During many of the steps involved in the manufacture of integrated circuits, features are defined by photolithographic methods. Careful control of the features is often essential for good performance of the integrated circuit. The features are difficult to measure using conventional optical techniques. The features are small, often about 1 micrometer in cross section, and the feature edges are not always perfectly straight and vertical (i.e., perpendicular to the underlying substrate). Often, the feature edges are sloped or irregular along the length of the feature. Consequently, a precise definition of the terms "feature width" and "feature height" is difficult.
Various techniques have been developed for measuring the pitch and width of features on a substrate. These include the use of scanning electron microscopes (both high voltage, using energies of 15-30 kV, and low voltage, using energies of typically less than 2 kV), scanning probe microscopes (Atomic Force Microscopy, etc.), and optical microscopes. Combinations of these techniques are often employed.

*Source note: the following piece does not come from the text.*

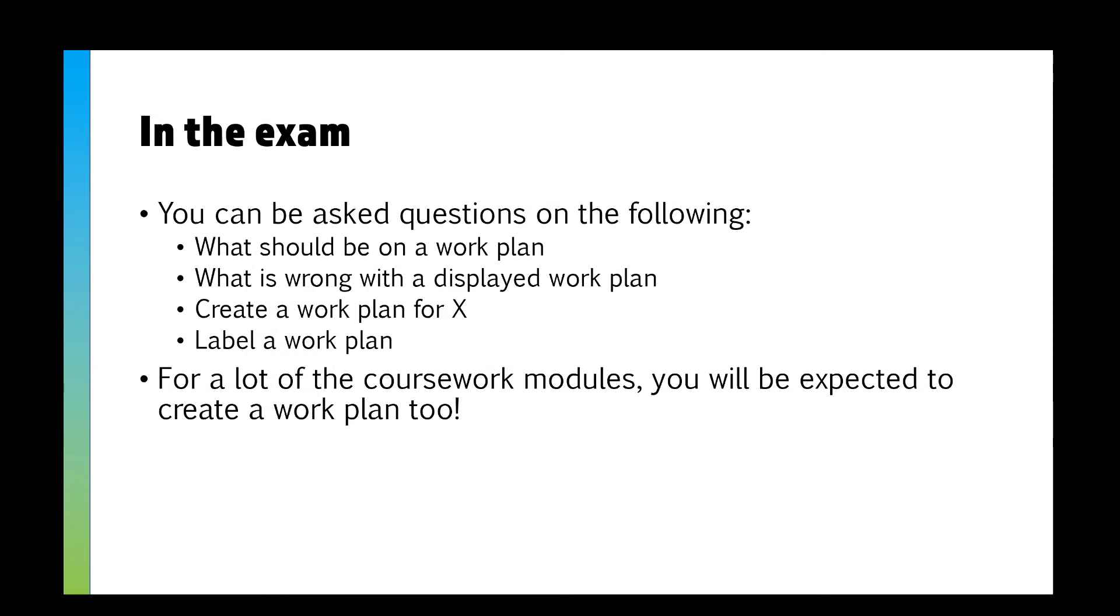In the exam you can be asked quite a few questions on work plans. You could be asked what's involved in a work plan - contingencies, milestones, whatever. You may be given a work plan that you've got to say what's wrong with it and critique it. You might have to create a work plan. For the coursework, you are going to be expected to create your own work plan as well.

In the case of integrated circuits, a section through the circuit, including the feature to be examined, is generally cut and the exposed cross section is subjected to the selected measurement technique or techniques. Alternatively, a portion of the substrate is gouged out of the wafer, carrying with it the topographical feature to be examined. One method of sectioning an integrated circuit includes the use of a Focused Ion Beam (FIB) tool. An FIB produces a finely focussed ion beam, such as a beam of gallium ions, which can be directed at the wafer.
These method of measuring feature geometry, or "metrology" have a number of disadvantages. First, the taking of a section through the entire wafer destroys the wafer on which the circuit is formed. As wafers are manufactured with increasingly large diameters (20 cm, and above) the costs of the wafers increase accordingly and sectioning also becomes more difficult. It is therefore desirable that a non-destructive testing method be developed.
Second, the sectioning process used to cut the section tends to change the cross section of the feature to be examined, especially in the case of relatively soft materials, such as photoresist. FIB is particularly damaging to the soft photoresist material, leading to deformation of the cross section. Thus, the dimensions measured may not correspond to those which were present on the wafer prior to sectioning.
Third, the taking of a section permits only one cross section of the feature to be examined at the end of the section. It does not allow a measurement of the changes in cross section along the length of the feature. Additionally, the section taken may not be representative of the feature as a whole.
The present invention provides a new and improved method for examining a feature which overcomes the above-referenced problems, and others.